INFORMATION REQUIRED IN THE REGISTRATION STATEMENT

 

Item 3. Incorporation of Documents by Reference

The documents listed below are incorporated by reference in the Registration Statement:

 

  (a) Sun Microsystems, Inc.’s (the “Registrant” or the “Company”) Annual Report on Form 10-K for the fiscal year ended June 30, 2007;

 

  (b) The Registrant’s Quarterly Report on Form 10-Q for the quarter ended September 30, 2007;

 

  (c) The Registrant’s Current Reports on Form 8-K filed with the SEC on August 2, 2007, August 7, 2007 and November 9, 2007; and

 

  (d) The description of the Company’s Common Stock contained in Company’s Registration Statement on Form 8-A filed with the SEC on October 24, 1986, as amended.
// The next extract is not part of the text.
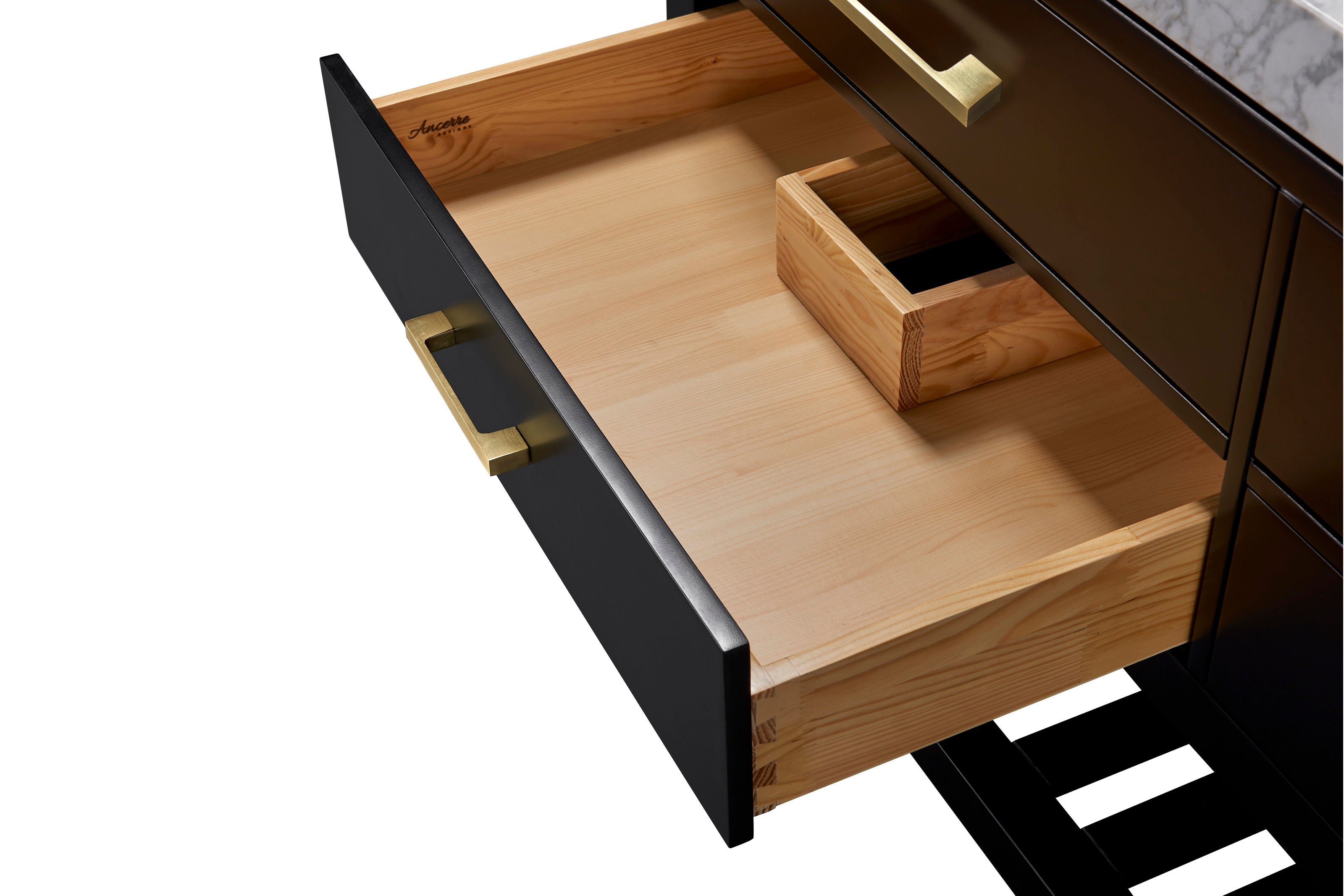 Open black bathroom vanity drawer revealing light solid wood interior with dovetail joints and a small wooden organizer, brushed gold metal handle on the matte black face and a glimpse of stone countertop and slatted shelf.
All documents subsequently filed by the Registrant or by the Plan with the SEC pursuant to Sections 13(a), 13(c), 14 and 15(d) of the Exchange Act prior to the filing of a post-effective amendment which indicates that all securities offered have been sold or which deregisters the securities then remaining unsold, shall be deemed to be incorporated by reference herein and to be a part hereof from the date of filing of such documents.

 

Item 4. Description of Securities

Not applicable.

 

Item 5. Interests of Named Experts and Counsel

Not applicable.

 

Item 6. Indemnification of Directors and Officers

Section 145 of the General Corporation Law of the State of Delaware, as amended, provides that under certain circumstances a corporation may indemnify any person who was or is a party or is threatened to be made a party to any threatened, pending or completed action, suit or proceeding whether civil, criminal, administrative or investigative, by reason of the fact that he or she is or was a director, officer, employee or agent of the corporation or is or was serving at its request in such capacity in another corporation or business association, against expenses (including attorneys’ fees), judgments, fines and amounts paid in settlement actually and reasonably incurred by him or her in connection with such action, suit or proceeding if he or she acted in good faith and in a manner he or she reasonably believed to be in or not opposed to the best interests of the corporation and, with respect to any criminal action or proceeding, had no reasonable cause to believe his or her conduct was unlawful.

Section 10 of the Restated Certificate of Incorporation of the Company provides that, to the fullest extent permitted by the Delaware General Corporation Law, a director of the Company shall not be personally liable to the Company or its stockholders for monetary damages for breach of fiduciary duty as a director. Article VI of the Bylaws of the Company provides that the directors and officers of the Company shall be indemnified to the fullest extent permitted by the Delaware General Corporation Law. The directors and officers of the Company are insured under policies of insurance maintained by the Company, subject to the limits of the policies, against certain losses arising from any claims made against them by reason of being or having been such directors or officers. In addition, the Company has entered into contracts with each of its directors and executive officers providing for indemnification of such persons by the Company to the full extent authorized or permitted by law, subject to certain limited exceptions.

 

Item 7. Exemption from Registration Claimed

Not applicable.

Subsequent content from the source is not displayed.